Stored dataset items:
:::
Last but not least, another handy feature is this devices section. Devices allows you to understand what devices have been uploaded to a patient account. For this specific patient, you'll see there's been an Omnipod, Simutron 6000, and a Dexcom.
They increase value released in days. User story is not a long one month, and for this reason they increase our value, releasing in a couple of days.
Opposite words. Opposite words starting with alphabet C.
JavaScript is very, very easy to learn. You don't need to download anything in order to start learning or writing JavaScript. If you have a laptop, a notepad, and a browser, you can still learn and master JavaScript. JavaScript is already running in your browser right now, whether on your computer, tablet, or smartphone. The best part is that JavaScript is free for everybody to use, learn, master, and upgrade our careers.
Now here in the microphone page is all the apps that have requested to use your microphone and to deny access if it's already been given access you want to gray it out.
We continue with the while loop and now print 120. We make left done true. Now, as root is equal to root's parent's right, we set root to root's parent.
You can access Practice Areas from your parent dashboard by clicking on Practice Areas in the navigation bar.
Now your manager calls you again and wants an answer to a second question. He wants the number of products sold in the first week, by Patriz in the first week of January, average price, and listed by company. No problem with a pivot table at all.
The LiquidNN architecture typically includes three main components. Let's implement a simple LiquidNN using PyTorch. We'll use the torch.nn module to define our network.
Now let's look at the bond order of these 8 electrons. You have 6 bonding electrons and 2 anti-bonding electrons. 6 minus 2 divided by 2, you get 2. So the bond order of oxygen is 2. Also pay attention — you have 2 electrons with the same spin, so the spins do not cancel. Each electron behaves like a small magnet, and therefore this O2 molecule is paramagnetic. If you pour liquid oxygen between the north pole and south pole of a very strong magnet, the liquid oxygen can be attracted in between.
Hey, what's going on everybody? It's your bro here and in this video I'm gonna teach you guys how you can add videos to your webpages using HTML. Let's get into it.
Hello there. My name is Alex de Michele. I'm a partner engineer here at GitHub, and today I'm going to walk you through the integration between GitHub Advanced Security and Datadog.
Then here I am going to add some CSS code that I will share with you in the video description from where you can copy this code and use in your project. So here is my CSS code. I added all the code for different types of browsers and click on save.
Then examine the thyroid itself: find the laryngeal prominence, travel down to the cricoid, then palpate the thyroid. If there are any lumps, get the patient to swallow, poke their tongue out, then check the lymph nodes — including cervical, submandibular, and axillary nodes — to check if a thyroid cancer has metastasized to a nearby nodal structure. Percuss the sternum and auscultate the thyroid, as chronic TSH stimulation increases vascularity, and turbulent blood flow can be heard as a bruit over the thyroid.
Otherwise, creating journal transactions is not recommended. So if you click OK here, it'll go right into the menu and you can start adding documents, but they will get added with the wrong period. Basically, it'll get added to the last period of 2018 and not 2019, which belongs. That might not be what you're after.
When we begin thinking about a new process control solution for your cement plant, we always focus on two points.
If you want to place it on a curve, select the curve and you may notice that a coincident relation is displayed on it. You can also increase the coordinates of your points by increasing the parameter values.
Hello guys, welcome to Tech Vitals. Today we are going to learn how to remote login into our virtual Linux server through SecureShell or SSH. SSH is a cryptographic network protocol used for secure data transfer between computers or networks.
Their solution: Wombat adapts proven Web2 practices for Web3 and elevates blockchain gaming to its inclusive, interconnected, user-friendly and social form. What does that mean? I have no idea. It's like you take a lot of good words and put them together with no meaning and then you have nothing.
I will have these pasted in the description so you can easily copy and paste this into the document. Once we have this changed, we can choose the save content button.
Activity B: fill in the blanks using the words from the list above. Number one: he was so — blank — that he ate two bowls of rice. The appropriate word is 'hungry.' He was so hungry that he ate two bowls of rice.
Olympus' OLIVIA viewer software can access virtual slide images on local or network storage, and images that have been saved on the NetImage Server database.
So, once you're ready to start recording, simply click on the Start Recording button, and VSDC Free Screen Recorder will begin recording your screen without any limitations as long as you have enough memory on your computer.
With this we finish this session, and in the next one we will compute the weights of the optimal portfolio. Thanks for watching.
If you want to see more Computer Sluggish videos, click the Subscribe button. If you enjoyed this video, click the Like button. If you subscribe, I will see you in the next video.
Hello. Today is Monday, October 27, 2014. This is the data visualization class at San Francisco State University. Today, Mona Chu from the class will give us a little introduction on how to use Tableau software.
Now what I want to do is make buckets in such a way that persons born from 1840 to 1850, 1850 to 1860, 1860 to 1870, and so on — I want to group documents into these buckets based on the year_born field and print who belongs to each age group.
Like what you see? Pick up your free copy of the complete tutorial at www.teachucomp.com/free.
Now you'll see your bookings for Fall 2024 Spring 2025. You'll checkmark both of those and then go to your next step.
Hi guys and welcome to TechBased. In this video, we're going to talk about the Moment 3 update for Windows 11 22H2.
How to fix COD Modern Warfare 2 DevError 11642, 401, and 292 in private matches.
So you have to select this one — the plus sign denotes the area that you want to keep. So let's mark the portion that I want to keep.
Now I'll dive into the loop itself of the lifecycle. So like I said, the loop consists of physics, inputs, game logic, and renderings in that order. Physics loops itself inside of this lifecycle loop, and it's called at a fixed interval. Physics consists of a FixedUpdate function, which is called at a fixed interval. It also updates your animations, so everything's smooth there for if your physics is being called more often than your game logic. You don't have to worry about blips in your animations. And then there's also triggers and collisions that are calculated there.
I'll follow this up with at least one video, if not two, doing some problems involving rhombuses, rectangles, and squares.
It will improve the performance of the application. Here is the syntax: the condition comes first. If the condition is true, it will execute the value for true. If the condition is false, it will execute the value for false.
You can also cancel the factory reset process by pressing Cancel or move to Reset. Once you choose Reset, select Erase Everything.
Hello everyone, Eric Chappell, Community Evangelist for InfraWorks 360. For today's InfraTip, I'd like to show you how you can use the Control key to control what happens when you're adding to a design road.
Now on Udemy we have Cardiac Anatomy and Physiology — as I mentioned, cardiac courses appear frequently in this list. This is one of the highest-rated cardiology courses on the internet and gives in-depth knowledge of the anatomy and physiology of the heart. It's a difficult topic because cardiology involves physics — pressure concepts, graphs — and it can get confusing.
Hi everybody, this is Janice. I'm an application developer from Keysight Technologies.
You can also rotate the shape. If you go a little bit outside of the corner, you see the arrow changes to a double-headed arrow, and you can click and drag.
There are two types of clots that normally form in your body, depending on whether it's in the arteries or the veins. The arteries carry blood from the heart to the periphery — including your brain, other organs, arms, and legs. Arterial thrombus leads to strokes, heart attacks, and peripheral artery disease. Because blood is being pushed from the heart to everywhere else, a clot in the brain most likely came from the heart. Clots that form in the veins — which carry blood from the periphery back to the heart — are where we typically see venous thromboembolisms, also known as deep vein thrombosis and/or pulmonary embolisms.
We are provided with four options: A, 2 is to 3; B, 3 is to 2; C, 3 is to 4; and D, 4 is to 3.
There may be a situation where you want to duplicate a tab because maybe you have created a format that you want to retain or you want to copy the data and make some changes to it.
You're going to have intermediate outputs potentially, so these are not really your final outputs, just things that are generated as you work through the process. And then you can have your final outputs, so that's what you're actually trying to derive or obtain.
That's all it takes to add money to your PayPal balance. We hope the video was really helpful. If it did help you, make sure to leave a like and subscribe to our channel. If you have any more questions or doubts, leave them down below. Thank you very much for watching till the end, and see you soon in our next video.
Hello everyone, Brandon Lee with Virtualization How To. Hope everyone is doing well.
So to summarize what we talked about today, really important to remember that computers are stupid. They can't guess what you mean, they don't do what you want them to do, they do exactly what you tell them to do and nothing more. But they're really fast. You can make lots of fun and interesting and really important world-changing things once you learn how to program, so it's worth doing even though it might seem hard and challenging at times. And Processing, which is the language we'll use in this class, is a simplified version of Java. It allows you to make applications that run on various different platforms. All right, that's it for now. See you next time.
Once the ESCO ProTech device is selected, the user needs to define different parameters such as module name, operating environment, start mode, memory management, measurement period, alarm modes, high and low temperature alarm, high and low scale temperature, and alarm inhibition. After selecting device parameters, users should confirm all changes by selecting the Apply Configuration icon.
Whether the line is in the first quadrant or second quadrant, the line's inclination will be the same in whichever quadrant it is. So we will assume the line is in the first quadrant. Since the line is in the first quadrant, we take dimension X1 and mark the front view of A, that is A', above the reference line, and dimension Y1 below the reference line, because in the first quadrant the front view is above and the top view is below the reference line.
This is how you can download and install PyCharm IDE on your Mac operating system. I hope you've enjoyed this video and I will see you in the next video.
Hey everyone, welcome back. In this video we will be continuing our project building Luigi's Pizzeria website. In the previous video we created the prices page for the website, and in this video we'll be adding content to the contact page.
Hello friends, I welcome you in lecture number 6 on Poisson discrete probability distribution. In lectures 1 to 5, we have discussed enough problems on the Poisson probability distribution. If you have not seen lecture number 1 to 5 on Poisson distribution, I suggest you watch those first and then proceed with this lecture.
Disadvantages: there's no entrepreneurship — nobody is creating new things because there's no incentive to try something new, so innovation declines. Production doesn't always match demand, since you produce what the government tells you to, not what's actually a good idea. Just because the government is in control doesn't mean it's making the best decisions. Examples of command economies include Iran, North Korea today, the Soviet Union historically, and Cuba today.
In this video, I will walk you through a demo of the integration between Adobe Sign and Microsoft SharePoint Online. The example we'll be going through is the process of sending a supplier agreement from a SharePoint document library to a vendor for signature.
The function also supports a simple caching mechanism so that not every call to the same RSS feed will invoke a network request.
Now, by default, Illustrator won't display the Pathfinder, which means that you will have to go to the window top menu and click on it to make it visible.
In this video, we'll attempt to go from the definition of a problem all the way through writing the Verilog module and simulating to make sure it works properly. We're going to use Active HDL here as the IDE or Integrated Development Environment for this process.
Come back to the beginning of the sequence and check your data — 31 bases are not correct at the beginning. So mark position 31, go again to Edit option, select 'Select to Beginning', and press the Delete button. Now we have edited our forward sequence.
:::
Work request:
What you give back must be the stretch above, starting at the line with "JavaScript is very, very" and ending at the line with "You can access", copied exactly.

Solution:
JavaScript is very, very easy to learn. You don't need to download anything in order to start learning or writing JavaScript. If you have a laptop, a notepad, and a browser, you can still learn and master JavaScript. JavaScript is already running in your browser right now, whether on your computer, tablet, or smartphone. The best part is that JavaScript is free for everybody to use, learn, master, and upgrade our careers.
Now here in the microphone page is all the apps that have requested to use your microphone and to deny access if it's already been given access you want to gray it out.
We continue with the while loop and now print 120. We make left done true. Now, as root is equal to root's parent's right, we set root to root's parent.
You can access Practice Areas from your parent dashboard by clicking on Practice Areas in the navigation bar.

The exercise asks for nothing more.